Your objective
Each line from the one containing "Set Of 2 Counter" through the end of the entries below must be output exactly; no other line belongs.

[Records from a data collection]
Content starts
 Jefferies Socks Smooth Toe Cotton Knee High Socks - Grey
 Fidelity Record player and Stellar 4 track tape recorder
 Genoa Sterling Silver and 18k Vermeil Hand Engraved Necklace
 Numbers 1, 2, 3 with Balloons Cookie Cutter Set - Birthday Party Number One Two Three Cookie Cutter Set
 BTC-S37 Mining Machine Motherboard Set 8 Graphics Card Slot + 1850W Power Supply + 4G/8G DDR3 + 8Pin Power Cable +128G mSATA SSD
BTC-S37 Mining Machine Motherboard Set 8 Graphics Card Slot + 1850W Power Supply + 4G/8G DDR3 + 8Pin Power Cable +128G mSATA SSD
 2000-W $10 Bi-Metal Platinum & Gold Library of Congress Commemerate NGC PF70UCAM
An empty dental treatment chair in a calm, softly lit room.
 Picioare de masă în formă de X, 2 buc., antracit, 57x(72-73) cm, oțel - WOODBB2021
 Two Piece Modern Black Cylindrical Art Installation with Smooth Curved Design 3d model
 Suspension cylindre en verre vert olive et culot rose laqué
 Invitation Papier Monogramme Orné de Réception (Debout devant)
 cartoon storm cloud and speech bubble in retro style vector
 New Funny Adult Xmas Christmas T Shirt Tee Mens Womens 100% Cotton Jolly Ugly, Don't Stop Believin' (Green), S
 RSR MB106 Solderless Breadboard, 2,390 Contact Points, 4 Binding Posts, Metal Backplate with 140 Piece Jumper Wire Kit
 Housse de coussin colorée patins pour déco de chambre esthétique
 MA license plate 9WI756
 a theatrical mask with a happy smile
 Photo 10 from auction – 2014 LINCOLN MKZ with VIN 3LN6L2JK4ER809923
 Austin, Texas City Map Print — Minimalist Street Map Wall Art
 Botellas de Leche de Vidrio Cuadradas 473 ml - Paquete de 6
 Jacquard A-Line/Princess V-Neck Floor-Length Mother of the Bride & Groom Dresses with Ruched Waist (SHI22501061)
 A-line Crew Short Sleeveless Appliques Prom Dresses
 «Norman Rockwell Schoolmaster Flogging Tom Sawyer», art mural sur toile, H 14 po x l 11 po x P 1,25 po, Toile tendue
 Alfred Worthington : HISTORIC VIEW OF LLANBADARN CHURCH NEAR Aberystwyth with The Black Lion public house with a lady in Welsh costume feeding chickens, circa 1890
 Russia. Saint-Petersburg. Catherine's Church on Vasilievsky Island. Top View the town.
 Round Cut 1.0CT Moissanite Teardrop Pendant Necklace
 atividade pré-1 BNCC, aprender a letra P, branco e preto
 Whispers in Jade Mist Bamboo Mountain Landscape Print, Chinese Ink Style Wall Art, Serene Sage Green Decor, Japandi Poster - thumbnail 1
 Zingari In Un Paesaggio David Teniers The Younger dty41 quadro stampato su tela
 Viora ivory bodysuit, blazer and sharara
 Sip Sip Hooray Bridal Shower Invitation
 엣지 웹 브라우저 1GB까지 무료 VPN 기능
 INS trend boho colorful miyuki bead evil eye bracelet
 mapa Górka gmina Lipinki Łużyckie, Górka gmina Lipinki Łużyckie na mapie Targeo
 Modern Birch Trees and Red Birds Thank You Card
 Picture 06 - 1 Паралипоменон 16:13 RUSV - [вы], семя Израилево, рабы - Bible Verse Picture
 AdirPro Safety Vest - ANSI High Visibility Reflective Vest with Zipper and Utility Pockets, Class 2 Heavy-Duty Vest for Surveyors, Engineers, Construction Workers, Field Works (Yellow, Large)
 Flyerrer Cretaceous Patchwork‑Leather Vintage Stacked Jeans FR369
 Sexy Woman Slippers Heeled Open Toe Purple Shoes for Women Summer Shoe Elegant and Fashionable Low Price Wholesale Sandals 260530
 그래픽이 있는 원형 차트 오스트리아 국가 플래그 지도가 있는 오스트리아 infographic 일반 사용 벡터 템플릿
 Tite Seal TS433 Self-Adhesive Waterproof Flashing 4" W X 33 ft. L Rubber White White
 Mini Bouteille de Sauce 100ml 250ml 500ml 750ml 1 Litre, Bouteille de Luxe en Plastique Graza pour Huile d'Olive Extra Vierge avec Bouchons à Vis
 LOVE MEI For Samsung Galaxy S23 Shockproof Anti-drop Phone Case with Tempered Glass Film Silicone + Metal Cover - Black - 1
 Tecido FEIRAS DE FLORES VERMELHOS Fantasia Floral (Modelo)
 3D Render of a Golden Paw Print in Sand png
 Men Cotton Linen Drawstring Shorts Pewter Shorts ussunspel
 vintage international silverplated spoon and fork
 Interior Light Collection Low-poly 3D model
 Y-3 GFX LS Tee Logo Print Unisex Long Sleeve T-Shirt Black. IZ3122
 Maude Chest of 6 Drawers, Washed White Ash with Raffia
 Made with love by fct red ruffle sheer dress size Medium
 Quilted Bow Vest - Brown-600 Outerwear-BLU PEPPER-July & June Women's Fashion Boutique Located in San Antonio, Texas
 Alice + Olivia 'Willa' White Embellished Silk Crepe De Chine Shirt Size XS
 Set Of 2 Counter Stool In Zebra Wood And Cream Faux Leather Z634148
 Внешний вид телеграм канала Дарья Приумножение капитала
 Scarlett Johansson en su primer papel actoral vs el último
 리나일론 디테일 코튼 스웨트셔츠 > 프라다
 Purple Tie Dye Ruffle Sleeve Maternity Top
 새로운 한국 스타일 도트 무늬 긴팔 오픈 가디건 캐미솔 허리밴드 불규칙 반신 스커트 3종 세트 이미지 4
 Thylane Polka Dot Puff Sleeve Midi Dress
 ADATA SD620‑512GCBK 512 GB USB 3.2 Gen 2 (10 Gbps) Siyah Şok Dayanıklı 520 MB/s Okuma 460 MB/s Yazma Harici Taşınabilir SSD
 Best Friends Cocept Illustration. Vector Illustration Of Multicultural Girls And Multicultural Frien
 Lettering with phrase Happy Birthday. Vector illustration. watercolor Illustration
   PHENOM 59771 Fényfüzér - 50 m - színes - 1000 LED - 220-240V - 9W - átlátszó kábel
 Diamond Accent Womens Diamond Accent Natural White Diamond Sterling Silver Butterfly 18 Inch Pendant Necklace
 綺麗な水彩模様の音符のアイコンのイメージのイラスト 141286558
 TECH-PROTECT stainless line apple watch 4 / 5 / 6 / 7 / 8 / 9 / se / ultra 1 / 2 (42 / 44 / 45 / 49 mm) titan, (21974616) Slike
Content ends
Solution
 Set Of 2 Counter Stool In Zebra Wood And Cream Faux Leather Z634148
 Внешний вид телеграм канала Дарья Приумножение капитала
 Scarlett Johansson en su primer papel actoral vs el último
 리나일론 디테일 코튼 스웨트셔츠 > 프라다
 Purple Tie Dye Ruffle Sleeve Maternity Top
 새로운 한국 스타일 도트 무늬 긴팔 오픈 가디건 캐미솔 허리밴드 불규칙 반신 스커트 3종 세트 이미지 4
 Thylane Polka Dot Puff Sleeve Midi Dress
 ADATA SD620‑512GCBK 512 GB USB 3.2 Gen 2 (10 Gbps) Siyah Şok Dayanıklı 520 MB/s Okuma 460 MB/s Yazma Harici Taşınabilir SSD
 Best Friends Cocept Illustration. Vector Illustration Of Multicultural Girls And Multicultural Frien
 Lettering with phrase Happy Birthday. Vector illustration. watercolor Illustration
   PHENOM 59771 Fényfüzér - 50 m - színes - 1000 LED - 220-240V - 9W - átlátszó kábel
 Diamond Accent Womens Diamond Accent Natural White Diamond Sterling Silver Butterfly 18 Inch Pendant Necklace
 綺麗な水彩模様の音符のアイコンのイメージのイラスト 141286558
 TECH-PROTECT stainless line apple watch 4 / 5 / 6 / 7 / 8 / 9 / se / ultra 1 / 2 (42 / 44 / 45 / 49 mm) titan, (21974616) Slike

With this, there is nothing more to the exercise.